Those IDs are not repeating. I noted my initial reply, here is the ID below. That is, the standard FASTA header format considers anything prior to the first space the full ID.
>RS_GCF_000213495.1~NZ_AFHD01000036.1
Yes, this is intended for the rep seqs, as outlined here.
Here is another approach to import everything for use as a classifier:
Download and extract full ssu file:
wget https://data.gtdb.ecogenomic.org/releases/release202/202.0/genomic_files_all/ssu_all_r202.tar.gz
tar -xvf ssu_all_r202.tar.gz
Extract and parse the FASTA header and write to file:
# Pull the header, keep the first two items (seqID and Taxonomy label), remove '>', and replace ' ' (space) with '\t' (tab)
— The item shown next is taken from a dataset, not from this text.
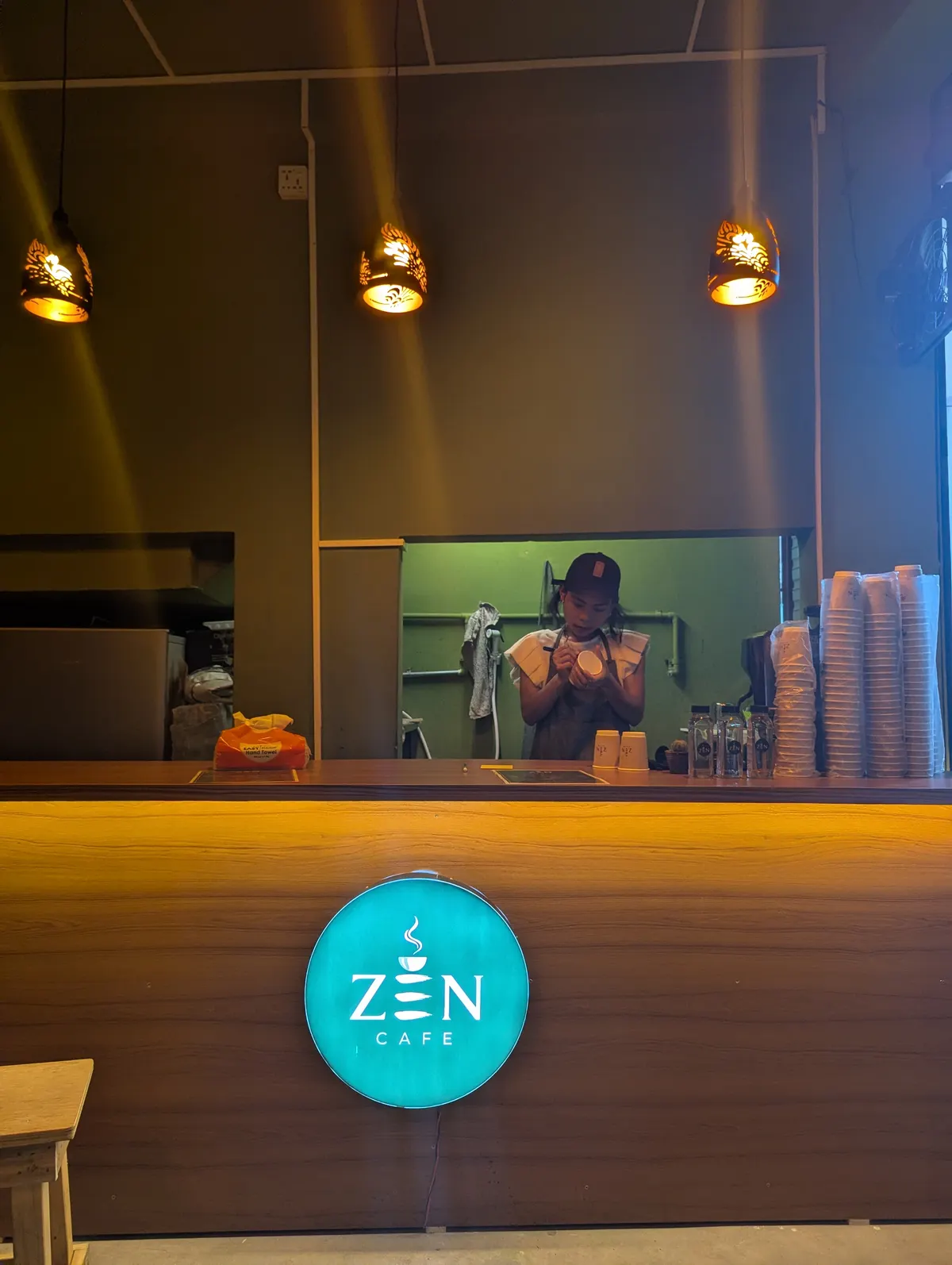 ZEN CAFE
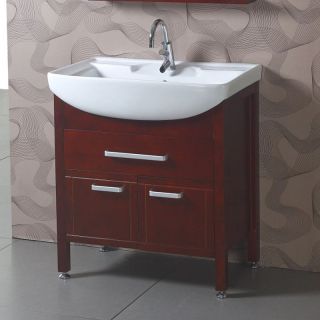 Legion Furniture Westminster 30 in. Single Bathroom Vanity   Single Sink Bathroom Vanities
egrep '^>' ssu_all_r202.fna | cut -d ' ' -f1,2 | sed 's/>//; s/ /\t/' > ssu_all_r202_tax.tsv
Then import as a taxonomy file:
qiime tools import \
--input-path ssu_all_r202_tax.tsv \
--type 'FeatureData[Taxonomy]' \
--input-format 'HeaderlessTSVTaxonomyFormat' \
--output-path ssu_all_r202_tax.qza
Then import the FASTA file as is:
qiime tools import \
--input-path ssu_all_r202.fna \
--type 'FeatureData[Sequence]' \
--output-path ssu_all_r202_seqs.qza
Perform QA/QC through RESCRIPt if needed. Then build classifier:
qiime feature-classifier fit-classifier-naive-bayes \
--i-reference-reads ssu_all_r202_seqs.qza \
--i-reference-taxonomy ssu_all_r202_tax.qza \
--o-classifier gtdb_classifier.qza
Test classifier:
qiime feature-classifier classify-sklearn \
--i-classifier gtdb_classifier.qza \
--i-reads rep-seqs.qza \
--p-n-jobs 4 \
--o-classification taxonomy.qza
qiime metadata tabulate \
--m-input-file taxonomy.qza \
--o-visualization taxonomy.qzv
I just tested this locally and it appears to work. Let us know if this works for you too.